PPARG can be activated in cell cultures by adding ligands such as polyunsaturated fatty acids and certain prostanoids (prostaglandins). Endogenous fatty acids are relatively poor activators. Which ligands are most responsible for PPARG activation in the body has not yet been established. Generally, oxidized fatty acids such as 9(S')-hydroxyoctadeca-10,12-dienoic acid (9(S')-HODE) and 13(S')-HODE are more effective activators than are endogenous fatty acids. The thiazolidinedione (TZD) class of antidiabetic drugs are agonist ligands for PPARG (Lambe and Tugwood 1996).

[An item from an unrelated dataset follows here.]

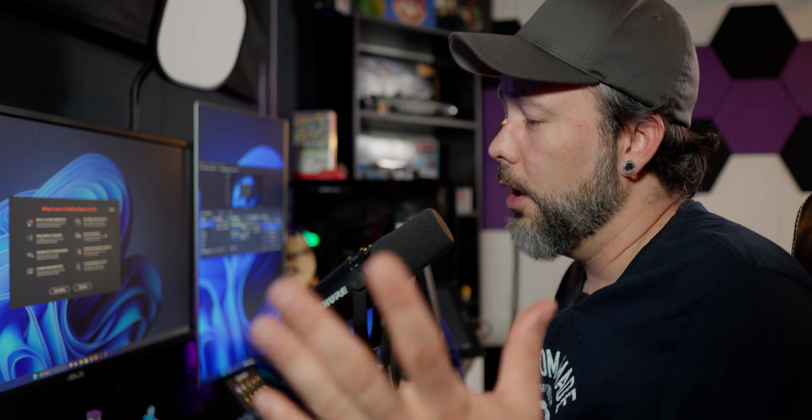Now that everything is installed, you can start working with DaVinci Resolve 19 and all the great new features it includes. That's pretty much it for this tutorial — I hope you enjoyed it. If you did, don't forget to drop a like on the video and subscribe to the channel for more tech tutorials, unboxing, reviews, and tech content. See you next time, bye bye.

FABP4 delivers ligands to PPARG directly. Binding of activator ligands to PPARG causes loss of corepressors such as SMRT/NCoR2, NCoR1, and HDAC3 and gain of interactions with the basal transcription machinery (Yoo et al. 2006). The TRAP220/MED1/DRIP205 subunit of the TRAP/Mediator (DRIP) complex binds directly to the LXXLL motif of PPARG and TRAP/Mediator is necessary for full transcriptional activation of target genes (Ge et al. 2008). PPARG also interacts with the MED14 subunit of the Mediator complex (Grontved et al. 2010).
Other coactivators, including NCOA1/SRC-1, NCOA2/TIF2/GRIP1, CBP, HAT/p300, and PRIP, interact with PPARG in a ligand-dependent way and enhance transcription (Gellman et al. 1999, Wallberg et al. 2003, Yang et al. 2000, Ge et al. 2002, Puigserver et al. 1999, Bugge et al. 2009, Steger et al. 2010).
The target genes of PPARG encode proteins involved in adipocyte differentiation (PGAR/ANGPTL4, PLIN, and aP2/FABP4), carbohydrate metabolism (PEPCK-C), and fatty acid transport (FAT/CD36, LPL).